Speed up backfilling in Airflow (MWAA)

116 views Asked by At

We have an Airflow instance running on AWS MWAA with only one DAG file. The DAG file contains ~20 tasks which have some cross-dependencies, but most importantly have depends_on_past=True set. The DAG works just fine and gets executed in 1-2s, it has a schedule of 5 minutes.

However, we now need to run a backfill for the past 3 years (~300k DAG runs). This is extremely slow, after more than 24h hours there are only 800 runs completed so far. The reason can't be our DAG file or the tasks contained, as they get executed in <1s usually. It must be related to some internal overhead of Airflow. Apparently, Airflow is just very slow in picking up new tasks and scheduling them for execution?

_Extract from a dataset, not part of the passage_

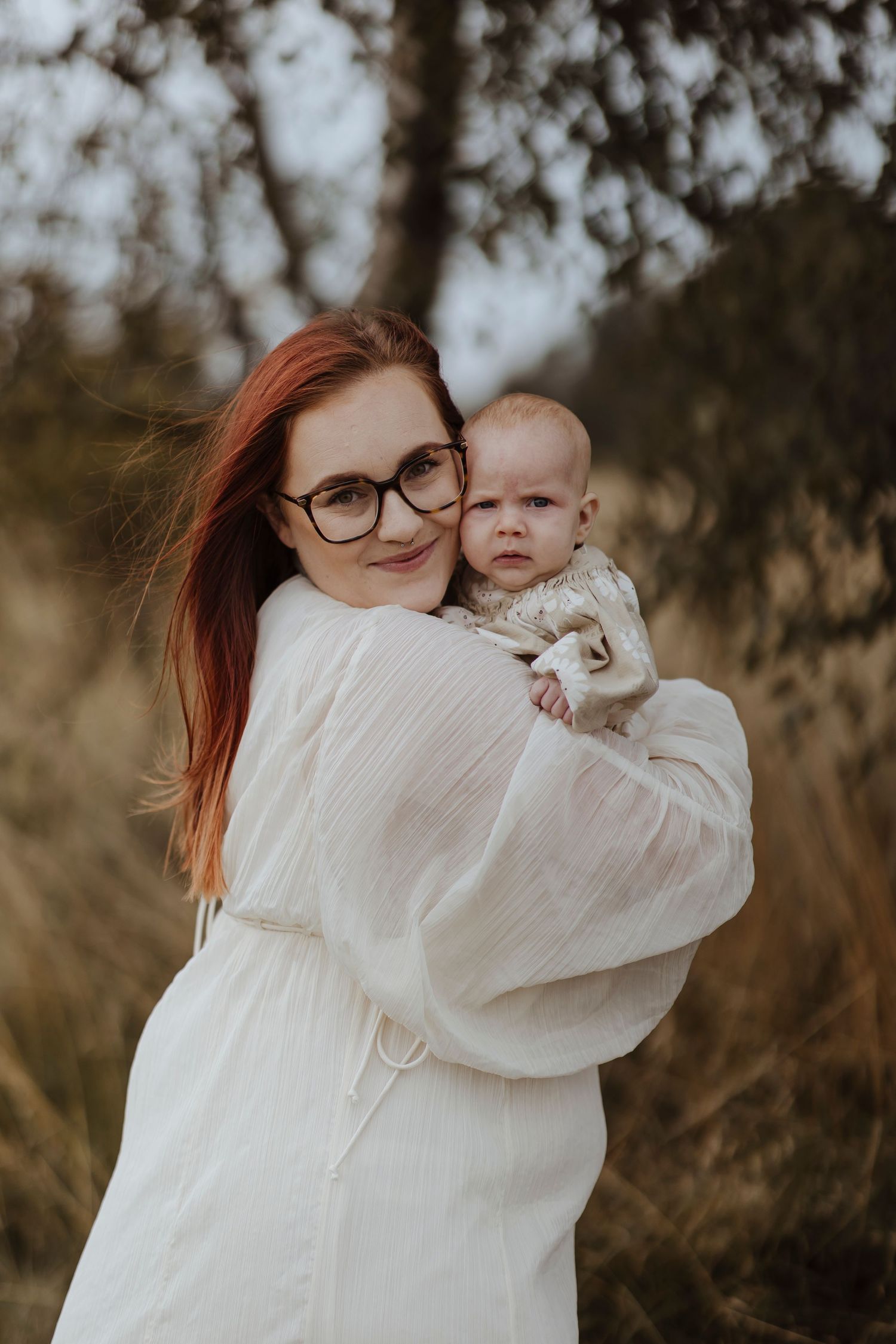 A woman in glasses holds a baby outdoors, both looking toward the camera with a calm, gentle expression.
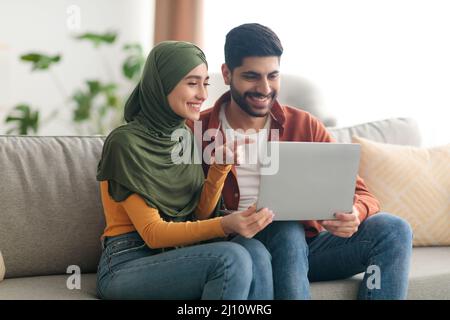 Middle Eastern Couple Using Laptop Computer Sitting At Home Stock Photo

How can we speed up this process?

We're using the following environment class:

Class: mw1.medium
Scheduler count: 5
Maximum worker count: 25
Minimum worker count: 1

With these custom configuration option applied:

core.dag_file_processor_timeout 180
core.dagbag_import_timeout 120
core.max_active_runs_per_dag 1000
core.max_active_tasks_per_dag 1000
scheduler.max_dagruns_to_create_per_loop 100
scheduler.max_threads 7
scheduler.scheduler_heartbeat_sec 1

Please note that MWAA applies diverging default config values: https://docs.aws.amazon.com/mwaa/latest/userguide/best-practices-tuning.html

0

There are 0 answers